# Organize EEG Session Files
## Purpose
Each expirement currently in the data folder is in 'Raw Data'. Each subject is labeled along with the expirement and session number. 

sXX_exXX_sXX: s(Subject Number)_ex(Experiment Number)_s(Session Number. Just for ex01 and ex02).

Example: s03_ex02_s01: Subject 03 Experiment 02 Session 01

There were a total of 10 Expirements listed as followed:
    The subject was asked to sit down and relax on a comfortable chair. The recording was performed in a single day per subject with the same order of tasks, A non-noisy two minutes recordings were segmented from the raw data. The recordings nvolves the acquisition of the electroencephalographic signal as follows:

    Three minutes of resting-state, eyes open for three sessions.
    Three minutes of resting-state, eyes closed for three sessions.
    Non-Related experiment (Not provided in the dataset).
    Three minutes of resting-state, eyes open for three sessions using noise isolation headset.
    Non-Related experiment (Not provided in the dataset).
    Three minutes of resting-state, eyes open for three sessions using noise isolation headset.
    Three minutes of listing to a song in their native language using in-ear headphones.
    Three minutes of listing to a song in a non-native language using in-ear headphones.
    Three minutes of listing to neutral music using in-ear headphones.
    Three minutes of listing to a song in their native language using bone-conducting headphones.
    Three minutes of listing to a song in a non-native language using bone-conducting headphones.
    Three minutes of listing to neutral music using bone-conducting headphones.

### Import Libraries

In [14]:
import pandas as pd
from pathlib import Path
import re
from collections import defaultdict

In [None]:
# Define the path to the raw data directory
raw = Path("data") / "auditory-evoked-potential-eeg-biometric-dataset-1.0.0" / "Raw_Data"
# Define log statement to check if the directory exists printing only if it does not exist
if not raw.exists():
    print(f"Directory {raw} does not exist.")

In [None]:
# ------------------------------------------------------------
# Define regex patterns to handle both filename formats:
#
# 1) sXX_exXX_sXX.txt  → subject, experiment, session
# 2) sXX_exXX.txt      → subject, experiment (no session)
#
# Some experiments include session numbers (ex01, ex02),
# while others do not — this logic handles both cases.
# ------------------------------------------------------------

pattern_with_session = re.compile(r"s(\d+)_ex(\d+)_s(\d+)")
pattern_no_session = re.compile(r"s(\d+)_ex(\d+)")
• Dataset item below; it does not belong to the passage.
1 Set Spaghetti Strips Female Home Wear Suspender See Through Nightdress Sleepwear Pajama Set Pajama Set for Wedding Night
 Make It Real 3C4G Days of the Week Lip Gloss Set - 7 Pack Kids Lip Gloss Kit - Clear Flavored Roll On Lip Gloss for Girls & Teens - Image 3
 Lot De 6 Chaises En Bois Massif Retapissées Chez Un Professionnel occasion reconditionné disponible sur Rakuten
# Dictionary to group files by experiment number (ex01, ex02, etc.)
# Each experiment key will store a list of metadata dictionaries
experiments = defaultdict(list)

# ------------------------------------------------------------
# Iterate through all raw EEG files
# ------------------------------------------------------------
for file in raw.glob("*.txt"):

    # Remove file extension for cleaner pattern matching
    filename = file.stem

    # --------------------------------------------------------
    # First attempt: match filenames that include session info
    # --------------------------------------------------------
    match = pattern_with_session.search(filename)

    if match:
        # Extract subject, experiment, and session numbers
        subject, experiment, session = match.groups()

    else:
        # ----------------------------------------------------
        # Second attempt: match filenames without session info
        # ----------------------------------------------------
        match = pattern_no_session.search(filename)

        if match:
            subject, experiment = match.groups()
            session = None  # Explicitly mark missing session
        else:
            # If filename doesn't match any expected format,
            # skip it and log for inspection
            print(f"Skipped unrecognized file format: {file.name}")
            continue

    # --------------------------------------------------------
    # Normalize experiment key (e.g., ex1 → ex01)
    # --------------------------------------------------------
    ex_key = f"ex{int(experiment):02d}"

    # --------------------------------------------------------
    # Store parsed metadata for downstream processing
    # --------------------------------------------------------
    experiments[ex_key].append({
        "subject": int(subject),
        "session": int(session) if session is not None else None,
        "path": file
    })

for ex, files in sorted(experiments.items()):
    print(f"{ex}: {len(files)} files")

Skipped unrecognized file format: RECORDS.txt
ex01: 60 files
ex02: 60 files
ex05: 20 files
ex06: 20 files
ex07: 20 files
ex08: 20 files
ex09: 20 files
ex10: 20 files